O próprio precedente trazido na fundamentação da sentença, ou seja, o REl n. 0603203-58, julgado por este Tribunal, confirma esse entendimento, uma vez que o reconhecimento da irregularidade não se baseou apenas no vínculo familiar com o contratado, mas considerou também e sobretudo “a ausência de documentação que ateste, com a devida certeza, o emprego correto das verbas públicas”.

Na hipótese, de acordo com o instrumento contratual (ID 45946767), a candidata contratou Weschiley Henrrick dos Santos, seu filho, para “serviços de panfletagem e distribuição de material gráfico”, nos bairros “Salomé, Americano, 11 de Abril, Umbu”, no período de 16/08 a 19/09, de segunda a sábado, com remuneração diária de R$ 33,00. Em anexo ao contrato, consta a folha de ponto, com os dias e horários trabalhados, na qual se registra a jornada diária de 8 horas.

O valor pago se mostra compatível com as atividades exercidas e com o tempo de trabalho, não havendo indicativos de sobrepreço ou extrapolação da média de mercado.

O contrato e seus anexos atendem os requisitos previstos na Resolução TSE n. 23.607/19, não tendo sido objetos de quaisquer apontamentos quanto aos seus aspectos intrínsecos, e o pagamento também ocorreu de forma regular, por meio de Pix direcionado à conta de titularidade do contratado (ID 45946770, fl. 2).

Conforme a própria recorrente anota, foi pago a maior a irrisória quantia de R$ 0,10 (dez centavos), claramente resultando do arrendamento do valor de R$ 999,90 (30 dias x R$ 33,33) que caberia ao contratado.

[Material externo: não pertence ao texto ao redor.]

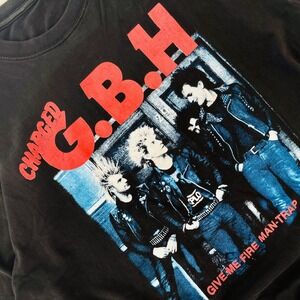 Vintage Charged G.B.H. T-Shirt Punk Rock Band Give Me Fire Man-Trap XL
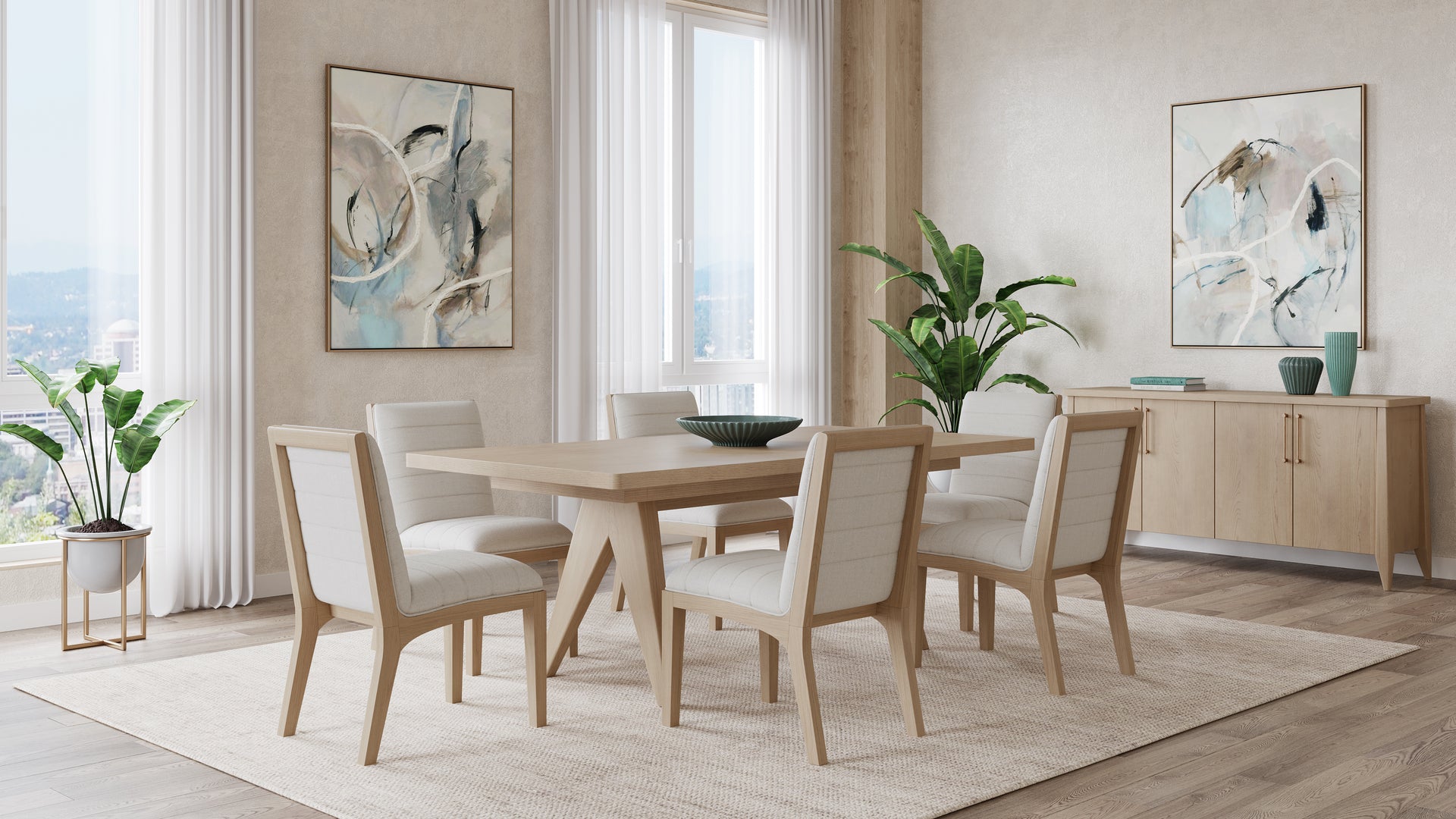 Sumire Solid Wood Dining Chair in Ginger and Natural Linen (Set of 2) - What A Room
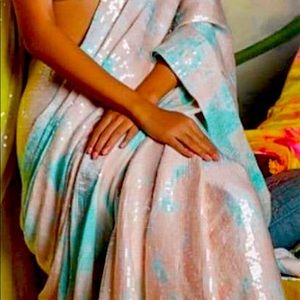 Pale pink and cotton candy blue sequenced saree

O acréscimo é insignificante, não macula os gasto e não justifica sequer a aposição de ressalvas.

Não há evidências nos autos que apontem para a existência de fraude na contratação, inidoneidade técnica ou supervalorização do trabalho, de forma que o parentesco representa o único elemento utilizado pela sentença para concluir que o gasto eleitoral foi irregular.

Assim, observando os critérios assentados na jurisprudência do TSE e deste Tribunal para a hipótese, deve ser afastada a irregularidade, sem a determinação de recolhimento de valores ao Tesouro Nacional.

 

 ANTE O EXPOSTO, VOTO pelo provimento do recurso, para aprovar as contas de campanha de MARCIA ELISA KUNZ GONÇALVES, nos termos do art. 74, inc. I, da Resolução TSE n. 23.607/19, e afastar o dever de recolhimento de valores ao Tesouro Nacional.